口腔ケアをはじめる前にお口の中を観察し、歯や歯ぐきから出血や口内炎ができていないか確認しましょう。
入れ歯を使用している場合は入れ歯をはずし、なくさないように入れ歯ケースに保管しておきます。
ここでは、一般的な口腔ケアの手順とポイントを解説します。
口腔ケアはできるだけ短時間で、スムーズにおこなうことがポイントです。
口腔内に異常が見つかった場合は、歯科医師や歯科衛生士に相談し適切な処置を受けてください。
うがい
まずはうがいをしてもらいましょう。うがいで口の中の食べ物カスなどを洗い出します。
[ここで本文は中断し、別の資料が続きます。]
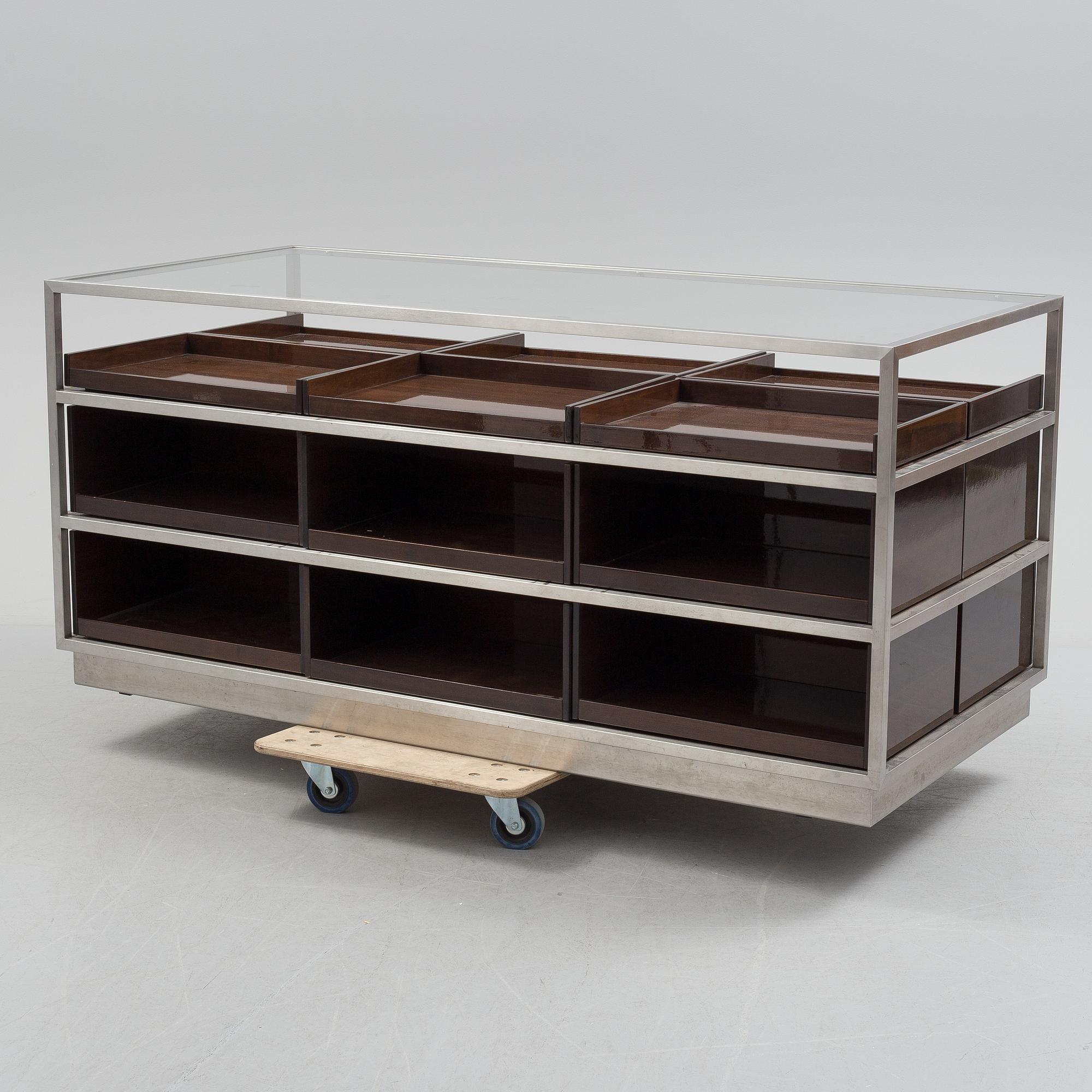 A modern glass and metal cabinet for shop use.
ガーグルベースンを使えば、洗面所まで移動するのが大変な方でもその場でうがいができて便利です。
認知症でうがいの水を飲み込んでしまう方や、寝たきりで上半身が起こせない方はうがいが困難です。無理にうがいをおこなわず、口腔用ウェットティッシュなどで汚れを取り除きましょう。
歯の清掃
歯ブラシやタフトブラシで歯の表面を清掃します。
歯の間の汚れは、歯間ブラシやデンタルフロスで取り除きます。
強い力で磨くと出血する場合があるので、優しくていねいに磨きましょう。
舌や粘膜の清掃
スポンジブラシや口腔用ウェットティッシュで、口腔内粘膜の汚れを拭き取ります。
舌にこびりついた白い苔状の汚れは舌苔(ぜったい)といい、口臭の原因となります。
舌の表面は柔らかく傷つきやすいため、舌用ブラシで奥から手前にやさしく汚れをこすりとりましょう。
入れ歯の洗浄
入れ歯を水ですすぎ、義歯ブラシでブラッシングします。義歯ブラシを使用することで、入れ歯を傷つけることなく、入れ歯の頑固な汚れを磨き落とせます。
時間があるときは、入れ歯洗浄剤につけて洗浄をおこないましょう。
洗浄剤は「部分入れ歯用」「総入れ歯用」と、入れ歯にあった洗浄剤を必ず使用してください。
うがい・保湿
仕上げうがいには洗口液の使用もおすすめです。
保湿剤を手指やスポンジブラシにとり、乾燥した唇や口腔内の粘膜全体にやさしくマッサージするように塗布し、保湿をおこないます。
まとめ
在宅介護で口腔ケアが大切な理由と、口腔ケアの手順について解説しました。
継続的な口腔ケアはむし歯や歯周病の予防だけでなく、口腔機能の維持や回復を促し全身の健康を支える重要な役割を果たします。
ご家族だけでケアしきれない場合は、歯科衛生士などの専門家に相談や介護保険を活用した訪問歯科診療の利用も選択肢のひとつです。
「食べる楽しみ」や「会話の喜び」を守りながら、より良い介護生活を送るために今日から在宅での口腔ケアを取り入れてみてください。